As I settled back and coaxed myself to sleep, I wanted to return to that dream, that classroom, where parents and children sat in a circle. The little ones swelled with the pride that comes when mommies and daddies pay a visit to their world. Surrounded by construction papered walls and sitting on pint sized chairs, the teacher smiled and told the father that it was his turn to read his son’s story.
There was a hesitation as he turned the first page, bound by string. On top, there was a picture, and below, sentences, carved in crayon. I can’t remember the story. But I remembered the father as he read each line, page after page. He stammered. He faltered. He sounded out the words his son had scribbled on each page. Simple words, like “ball” and “house.” You see, the father had just learned to read a few months ago.
My heart swelled as I witnessed this moment between father and son with pride, and yes, even with a little sorrow, but mostly, happiness.

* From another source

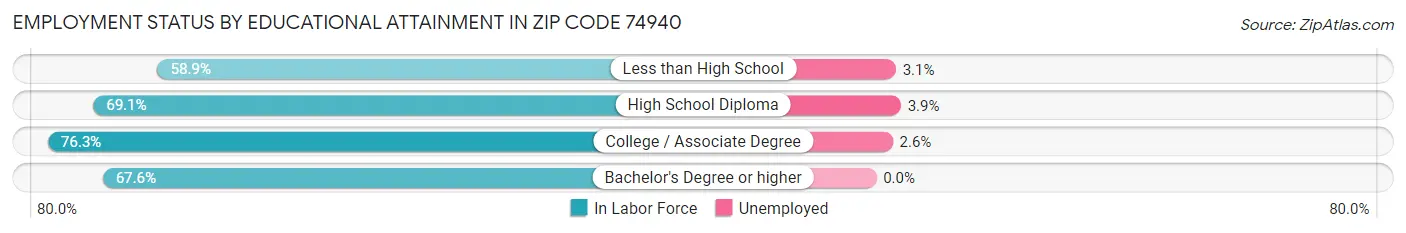 Employment Status by Educational Attainment in Zip Code 74940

I may not be able to tell you the boy’s story, but it does not matter. He wrote it for his dad…it was meant for him. And now, he could read it.
I cried for joy. And as a sob escaped from the back of my throat…I woke up.
I’m not sure what this dream means, and why I feel compelled to share it with you. But when you experience such emotion, sometimes it is better to share.
I have been at Altitude Summit for the last four days, a conference that brings together the worlds of creatives, blogs, and brands, and I do plan on sharing more with you. I left Salt Lake City cloaked in fog, and I need to process my experience for a little while. For today’s Simple Sunday, I just wanted to tell you this story, and I hope that is okay.